NEW YORK, Mar. 17 -- The U.S. stocks fell on Wednesday on Japan's nuclear disaster and lower-than-expectation economic reports, with the Standard & Poor's 500 Index and the Nasdaq erasing their gains for the year.
All three major indexes ended at their lowest levels of 2011. The Dow Jones industrial average lost 242.12 points, or 2.04 percent, to 11,613.30. The Standard & Poor's 500 Index was down 24. 99 points, or 1.95 percent, to 1,256.88. The Nasdaq declined 50.51 points, or 1.89 percent, to 2,616.82.
The sharp decline on Wednesday began after European Union Energy Commissioner Guenther Oettinger said that Japan's nuclear plant was effectively out of control.
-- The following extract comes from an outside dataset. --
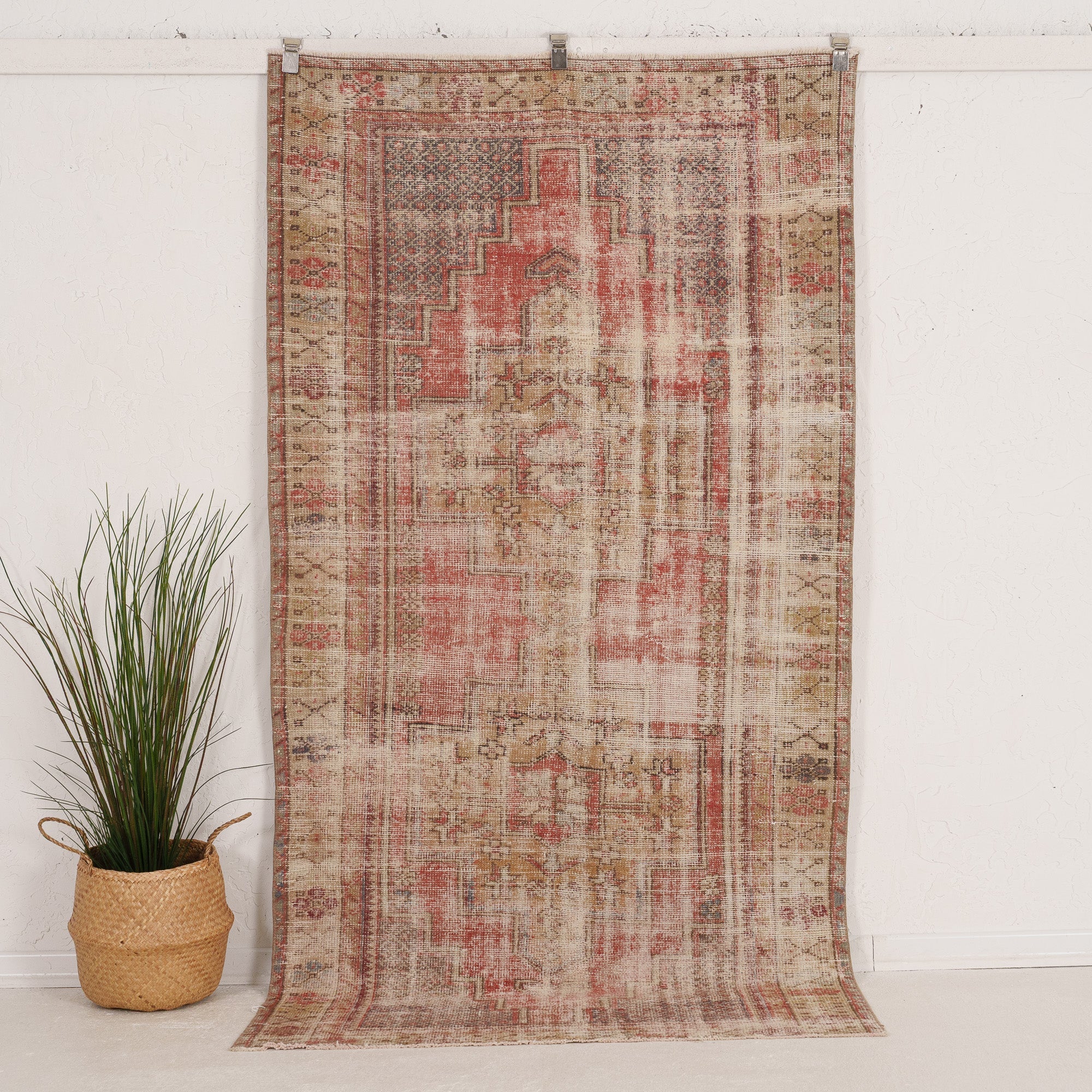 4' x 8' - Vintage Turkish Area Rug, Red - Jacobina | Kuden Rugs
"In coming hours there could be further catastrophic events which could pose a threat to the lives of people on the island," European media quoted Oettinger as saying.
The economic reports on Wednesday were not as good as expected as well. The U.S. Commerce Department posted that new home construction dropped to the second lowest level on record in February.
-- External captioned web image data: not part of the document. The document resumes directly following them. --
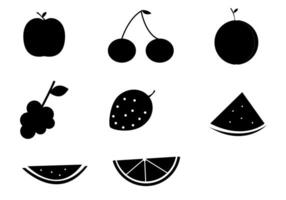 fruit icon set featuring watermelon, strawberry, apple, and orange. Perfect for food-related designs, branding, packaging, or digital graphics. vector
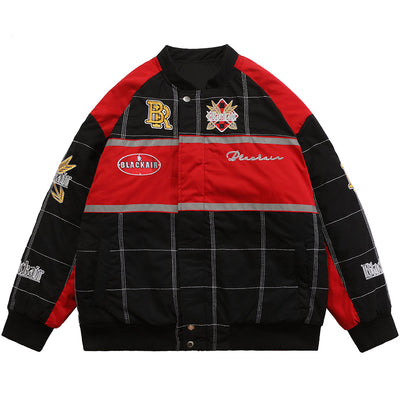 Chaqueta Suelta de Algodón con Contraste de Colores para Hombre - Image 10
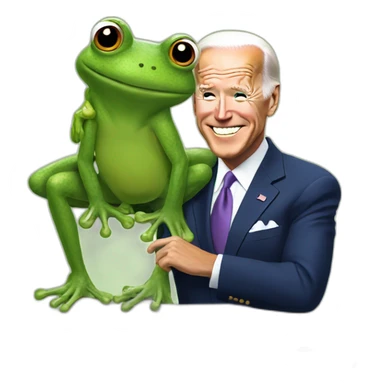 Biden with frog sticker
Investors believed that the reading was reflecting a slightly weak demand. D.R. Horton Inc., a home construction company, fell 2. 26 percent.
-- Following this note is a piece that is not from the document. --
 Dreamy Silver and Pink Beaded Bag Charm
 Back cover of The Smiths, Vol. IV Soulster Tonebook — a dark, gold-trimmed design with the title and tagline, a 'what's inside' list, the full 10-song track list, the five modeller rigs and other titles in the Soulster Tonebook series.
Meanwhile, wholesale prices increased last month by the most in nearly two years because of higher energy costs and the biggest increase in food prices in 36 years.
Investors began to worry about the possible inflation risks and stocks of relevant companies dropped. McDonald's Corp. fell 2.32 percent and Starbucks Corp. fell 2.02 percent.
Moreover, also because of the worsening situation in Japan, the dollar slumped to a four-month low of 79.84 against the yen in late trading session, just few steps away from the all-time low of 79.75 set on April 19, 1995.
Treasury prices jumped, sending yields to their lowest levels this year as investors piled into investments seen as being more stable.
Crude prices on Wednesday, however, rebounded from a three-week low after a fluctuating trading day as concerns about unrest in the Middle East lifted the prices, despite worries about Japan's nuclear crisis.